Speaks for itself.
Meanwhile, if you still care, I reviewed SALT:
The crux of the entire thing is that we don’t know what’s going on inside our main character’s head, which makes her impossible to identify with or relate to. This can work if the folks opposing her are compelling and identifiable, but they are neither: Chiwetel Ejiofor turns in an uncharacteristically generic and lazy performance as the skeptical Peabody, while Schreiber only serves to remind us that he was in a more official Manchurian Candidate remake.

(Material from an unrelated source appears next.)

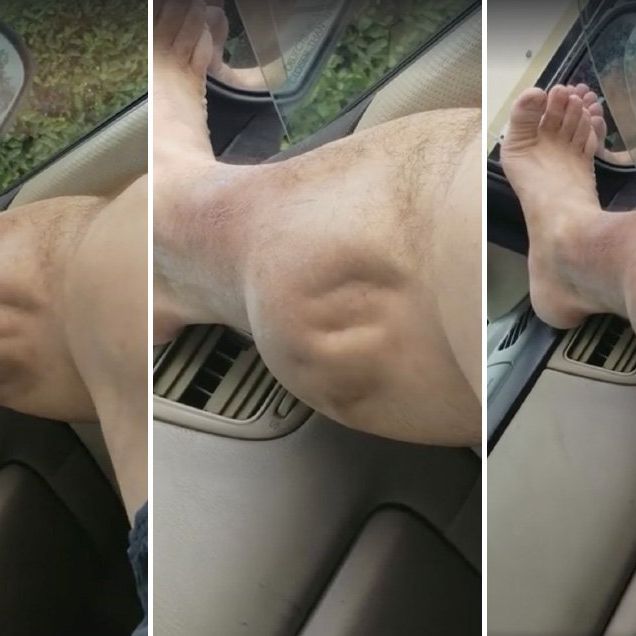 leg cramp bursts skin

More fun than that was LIFE DURING WARTIME:
There is, however, more going on here than just dirty humor. The complete recasting of every major player gives a unique cinematic shorthand for the ways in which people change over the course of a decade…and in more ways than one might realize at first. Coming out of the movie, for example, I was convinced that Allison Janney’s Trish Jordan and Michael Lerner’s Harvey Wiener were the only major characters not to be recast, as a way of showing that these individuals had not moved on sufficiently with their lives. Then I went to imdb, and I was completely wrong: Cynthia Stevenson had originally played Trish, with Bill Buell the first Harvey. Already, and possibly without even trying, the movie has taught me a quick lesson in questioning memory and perception.







I had no idea Taco Bell was serving carnitas. I’ll have to give it a try. I mean, shit, Batman gave it a 7!